No entanto aconteceu (3° Acto)

Atravessam o portão vermelho e a bafienta cortina preta; entram no escuro, somente alumiados por ínfimos pontos luminosos; perdidos, tacteiam até os olhos se encontrarem: fila G, lugares 3 e 5. Sentem o tecto ausente, azul escuro, salpicado de imaginários pontos cintilantes. Sentem a falta das cadeiras de madeira, com uma mofa almofada, das desdobráveis, da geral, e das poltronas de ferro, com costas curvas, assento de madeira, sem direito a mais confortos, na segunda plateia: um desconforto mágico, encantador; proporcional ao preço do ingresso, comprado através duma pequena cova, numa agora inexistente rotura na parede branca. O velho cinema sem tecto já não o era: em seu lugar, afastado do centro da vila, ergue-se um elegante neto do Apolo70: maior e mais lustroso que o Imaviz; claramente, mesmo renegado, um seu familiar directo. Um novo lugar de estar - um moderno fórum romano -, para passear, namorar e criar memórias, para quando este, também, já não o for.
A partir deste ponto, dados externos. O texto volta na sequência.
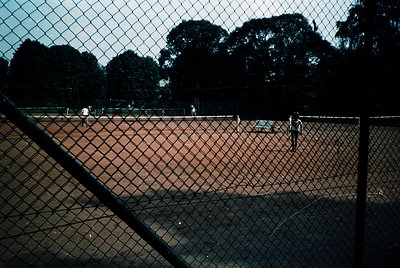 Vintage clay-court tennis match framed by chain-link fence. Players in motion, lush green trees in background. Likely mid-20t...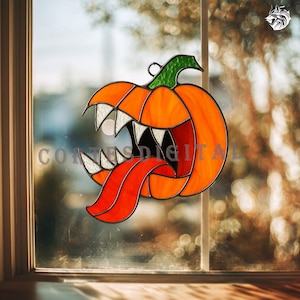 May include: Stained glass pumpkin decoration with an open mouth, sharp white teeth, and a long red tongue. The pumpkin is orange with green stem and black accents, perfect for Halloween decor.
Saíram da sala mal as letras brancas, sob fundo negro, começaram a rolar. Sem o dizerem, ambos sabiam que não tinham gostado; sequer tinham prestado grande atenção ao filme: o seu enredo, para já, era outro. Tinham combinado a ida ao cinema entre dois mergulhos de mar: para Noémia tinha sido um regresso, após muitos anos de abstinência friorenta; a anormal tepidez da água e o seu estado de quase hipnotismo permitiram-lhe esta liberdade. Estava maré vaza, uma praia enorme - como gostavam -, uma água envolvente, morna, um sol abrasador como já não sentiam faz muito. Antes, sempre de mãos entrelaçadas, tinham parado na pequena capela junto à fortaleza. Acenderam uma vela aos pés da Nossa Senhora de Guadalupe: precisavam de protecção para o frágil bem que lhes foi doado; precisavam duma boa mãe para cuidar dele.
Percorreram os corredores - repletos de lojas multicolores - e as várias escadas rolantes, até ao terraço. Dali, podiam ver o mar e as estrelas, podiam sentir novamente o leve calor do verão, a candura do velho cinema sem tecto: podiam mesmo rever a enorme tela branca, contornada a negro, onde as fitas aconteciam. Um verão quente, como sua manta, um aroma doce a figos e alfarroba. No écran, Scarlett Johanson repousa ao lado de Bill Murray, numa cama por desmanchar, num incaracterístico quarto de hotel: vestidos, simplesmente conversam; o provável não acontece; são a excepção que confirma uma qualquer regra não provada. Para Ignácio e Noémia a tradução é evidente: desde ontem coincidem em se encontrar, em não estarem perdidos, em não precisarem de legendas para os auxiliar a compreender esta, ainda, curta-metragem; este sim, é o seu filme, a sua praia. A presença tardia da lua faz-se notar num tipíco jogo japonês: a sombra duma árvore revela-se sobre as luzes daquela cidade percorrida por Scarlett. Ninguém se parece incomodar; é parte integrante daquela sala sem tecto; são os deuses e deusas a avisarem que estão despertos.
Ouve-se uma traineira ao longe. Uma gaivota poisa perto, dando sinal da sua presença; outras se seguirão, prontas para assistirem às cenas finais.